- [DATA RECORDS]:
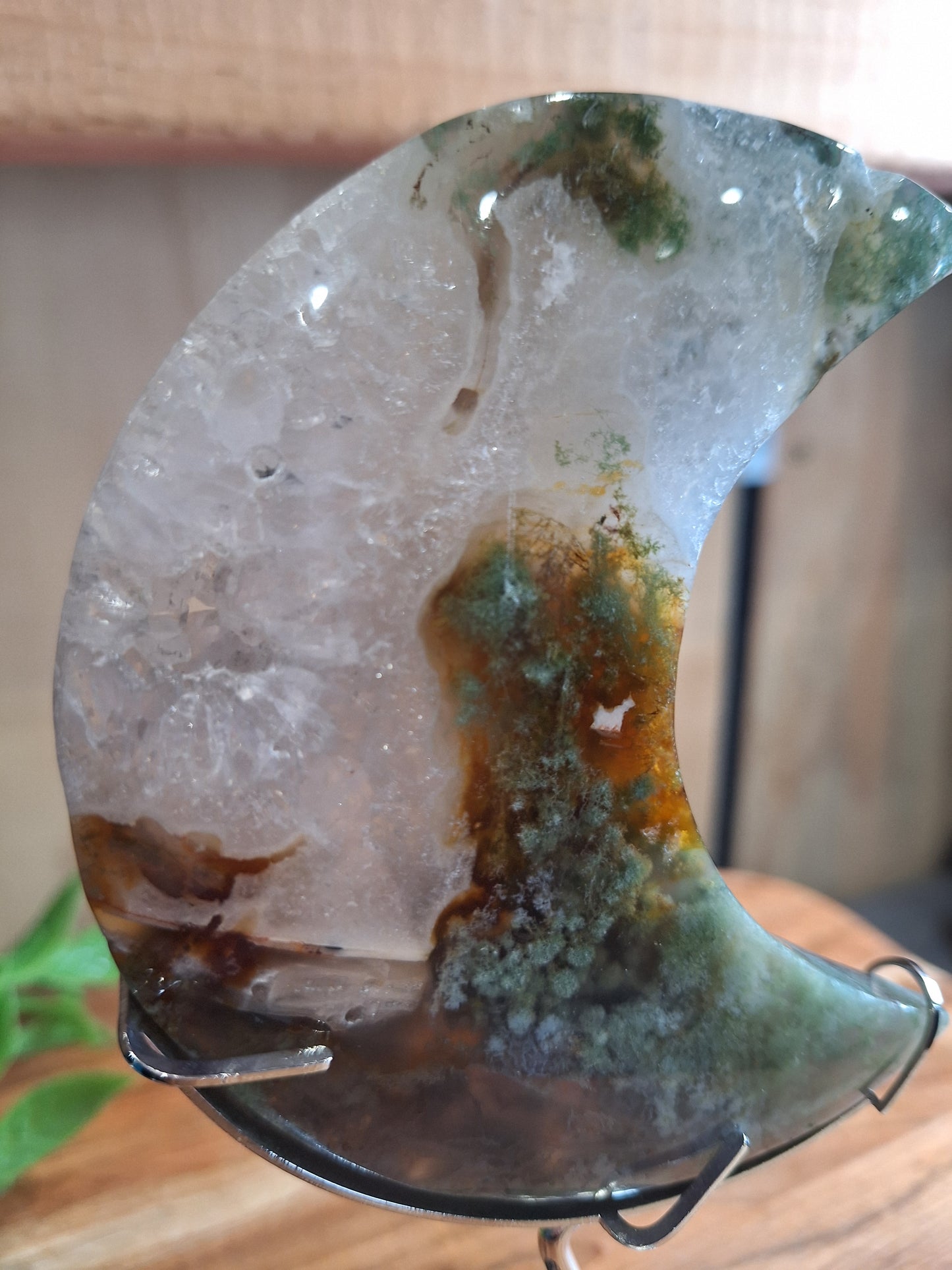 MOSS AGATE MOON INCLUDING STAND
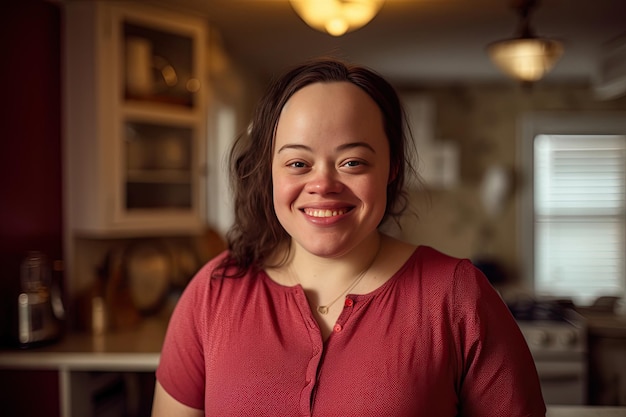 Down syndrome woman at home with a happy face standing and smiling with a confident smile showing teeth Generative Ai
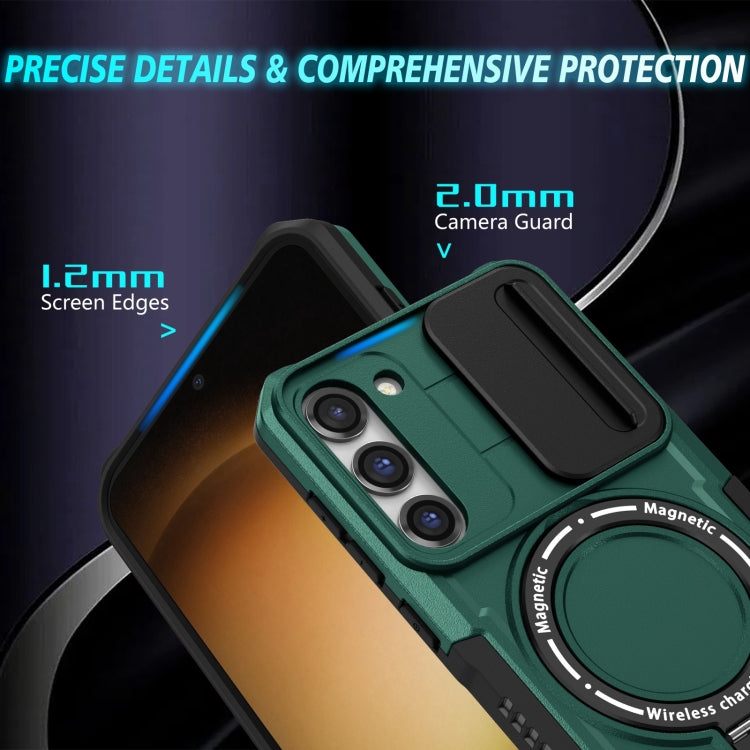 For Samsung Galaxy S23 5G Sliding Camshield Magsafe Holder TPU Hybrid PC Phone Case(Deep Green) - free shipping - PMC TechLife - Order now!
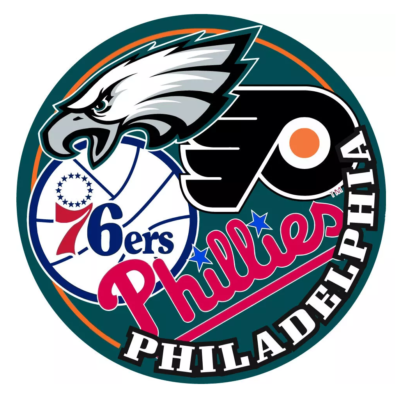 #ad Philadelphia Sports Eagles 76ers Flyers Phillies Vinyl Die Cut Sticker Decal $2.69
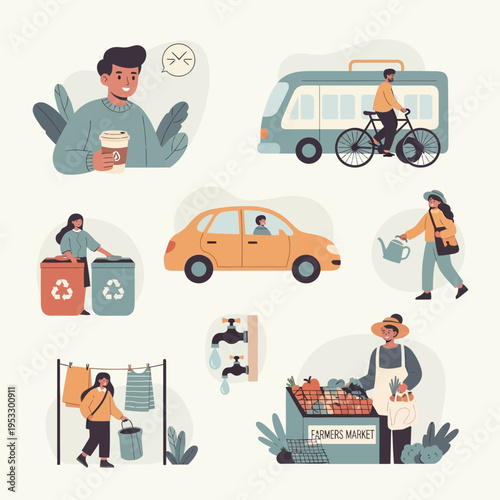 People engaging in daily activities outside.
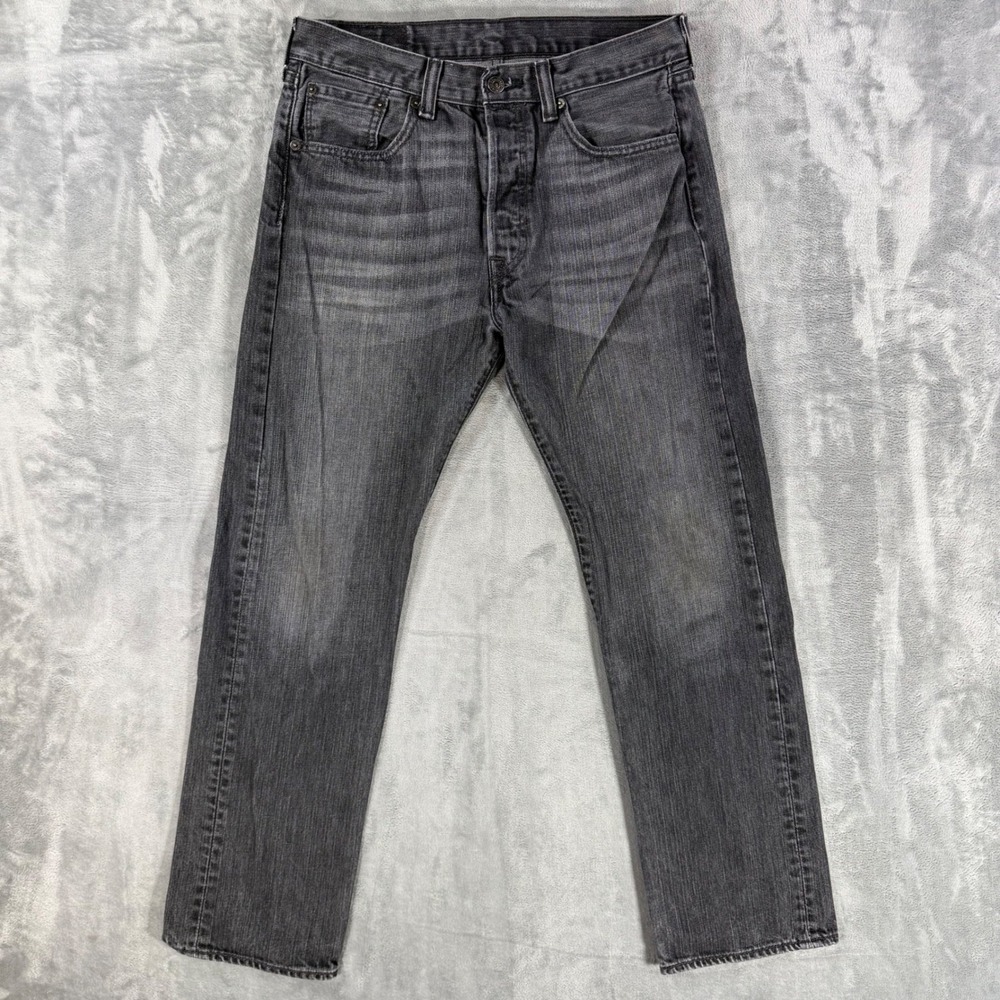 Levi's 501 Original Fit Jeans Mens Size 31x30 Faded Black Gray Pants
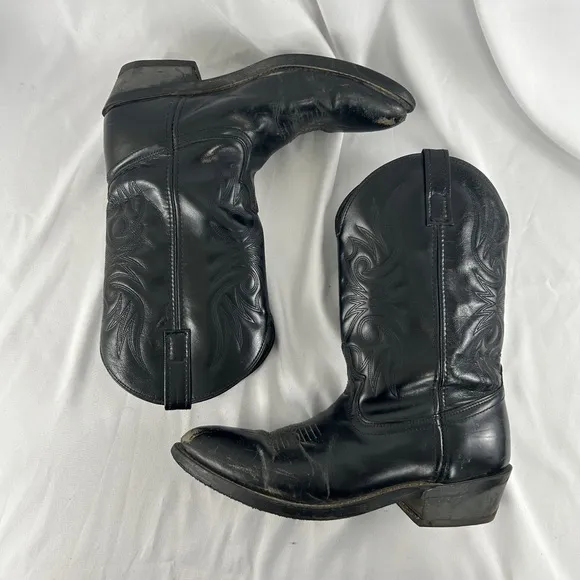 Vintage Laredo Lea Vamp Fox Black Leather Mid Calf Cowboy Boots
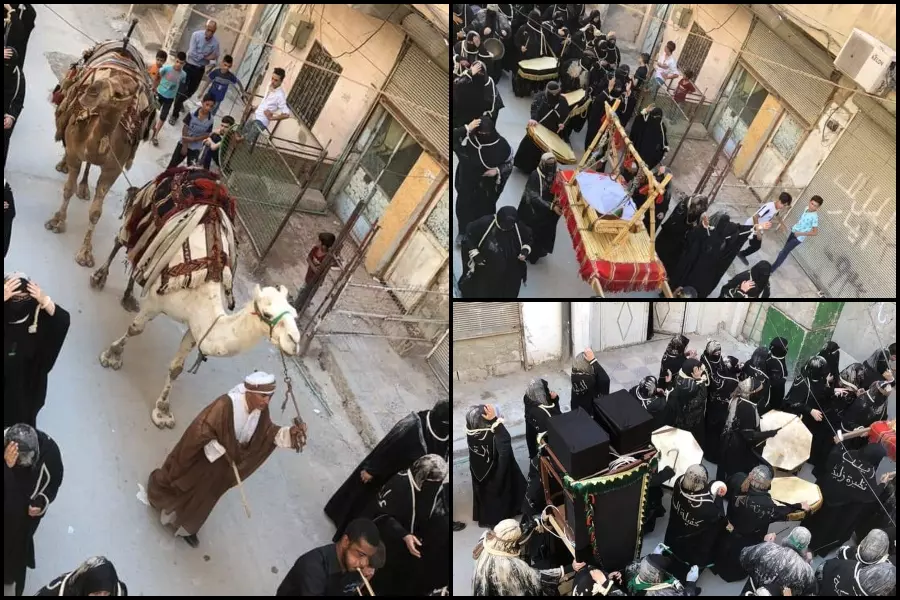 "موكب حجاج" من العراق يجسد مشهد تمثيلي في السيدة زينب بدمشق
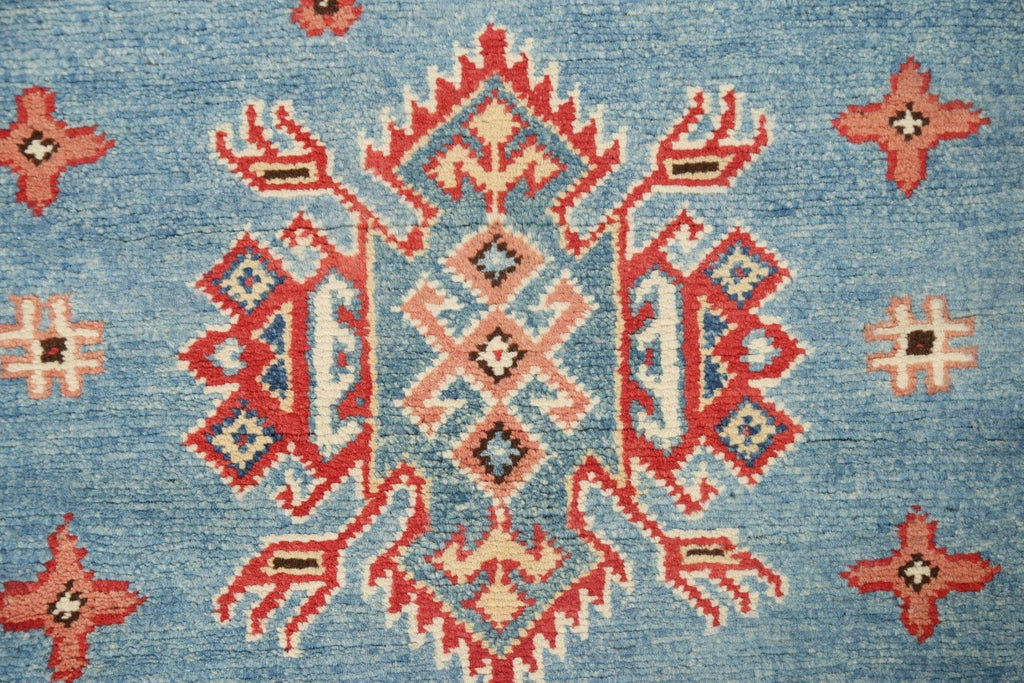 Geometric Kazak Oriental Runner Rug 3x8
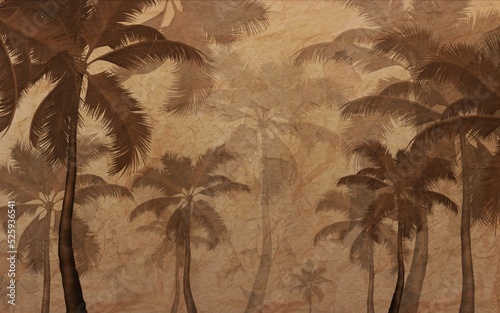 Wallpaper Mural sepia palm trees landscape wallpaper design, modern wallpaper, scandinavian style, texture, vintage, mural art. Torontodigital.ca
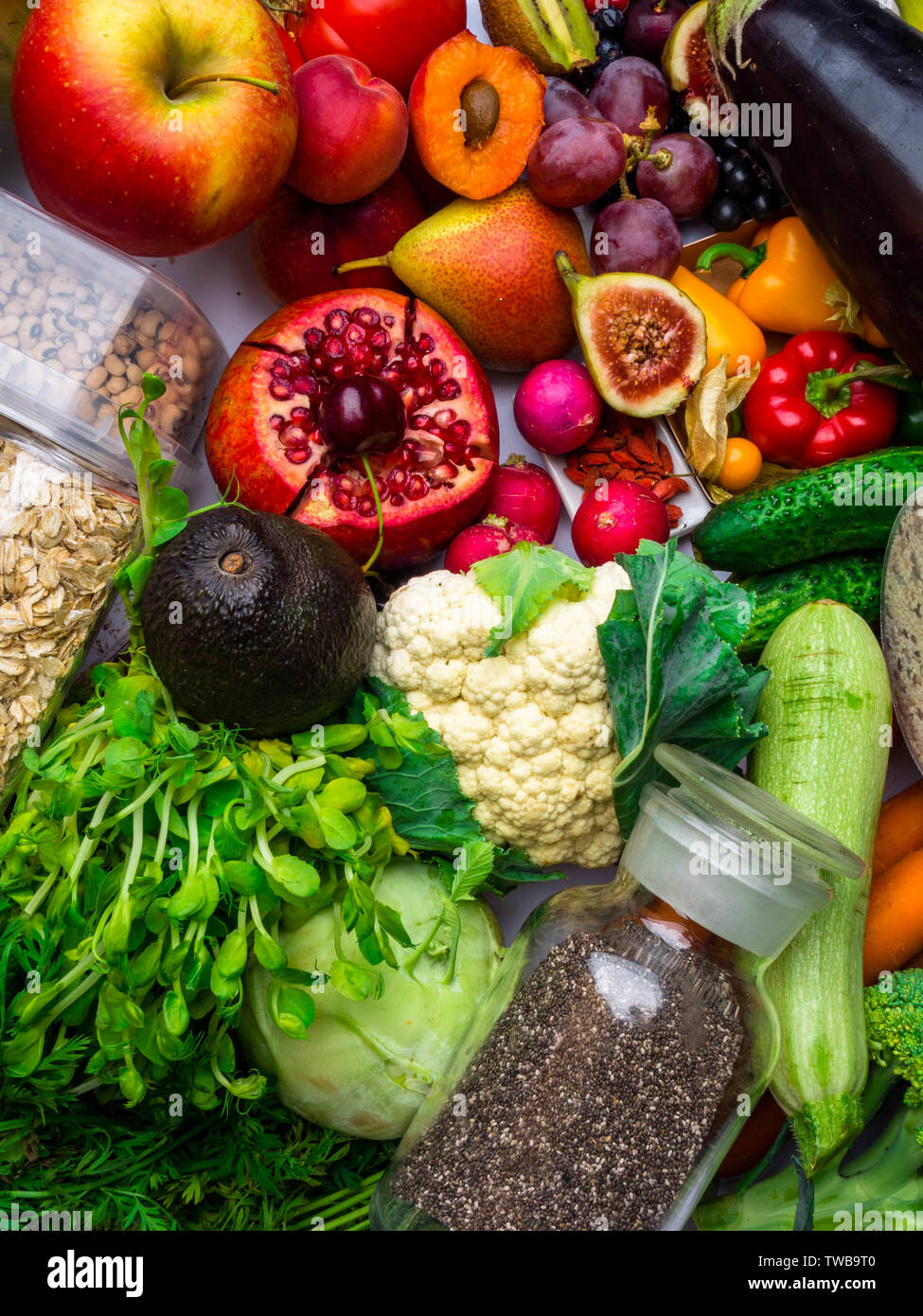 fruits, vegetables rich in antioxidants vitamins fiber. Healthy clean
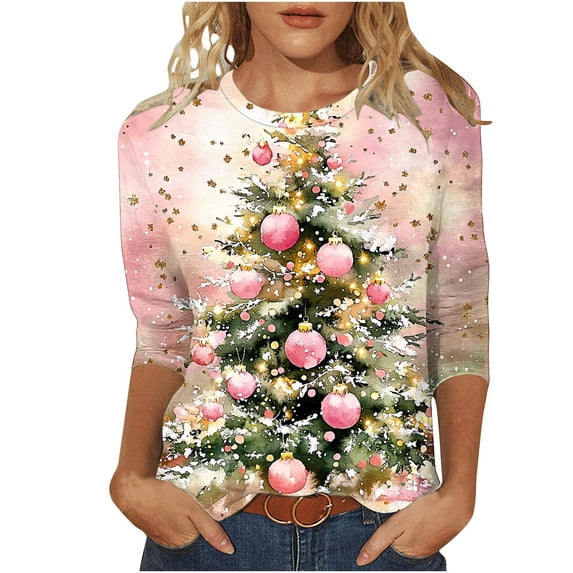 GERsome Women's Shirts Christmas Tree Graphic Tee Casual Crew Neck Pullover Tops 3/4 Sleeve Loose Soft Tshirts Xmas Shirts for Women Size 3XL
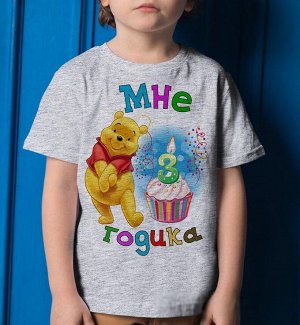 Детская футболка для девочки с надписью мне 3 годика, цвет серый меланж
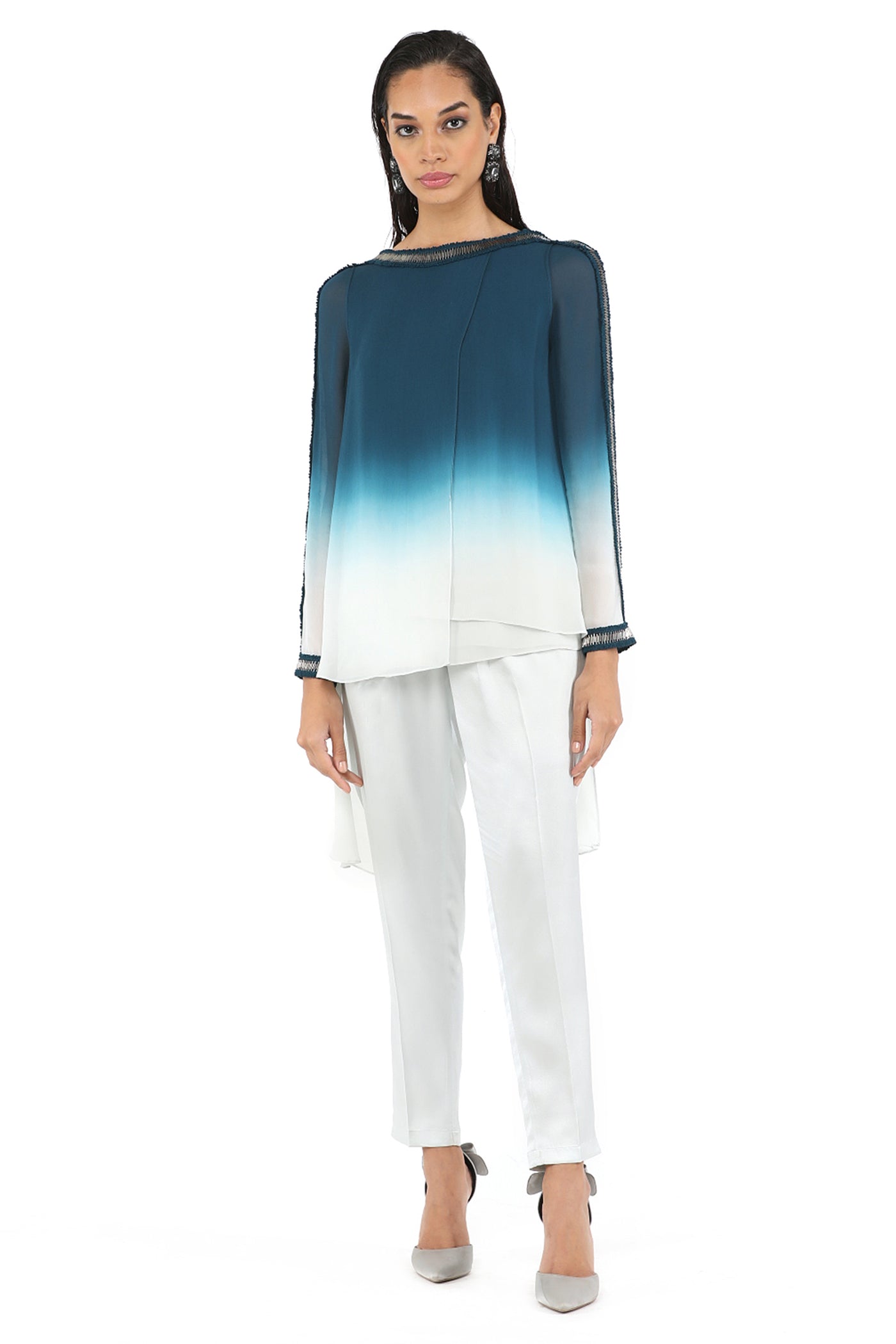 Rohit Gandhi and Rahul Khanna Zenith Ombre Top indian designer wear online shopping melange singapore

- [WHAT TO DO]: Copy out exactly the lines from the one with "GERsome Women's Shirts" through the end of the listing, both ends included, omitting any picture.

- [ANSWER FOR THIS EXERCISE]:
 GERsome Women's Shirts Christmas Tree Graphic Tee Casual Crew Neck Pullover Tops 3/4 Sleeve Loose Soft Tshirts Xmas Shirts for Women Size 3XL
 Детская футболка для девочки с надписью мне 3 годика, цвет серый меланж
 Rohit Gandhi and Rahul Khanna Zenith Ombre Top indian designer wear online shopping melange singapore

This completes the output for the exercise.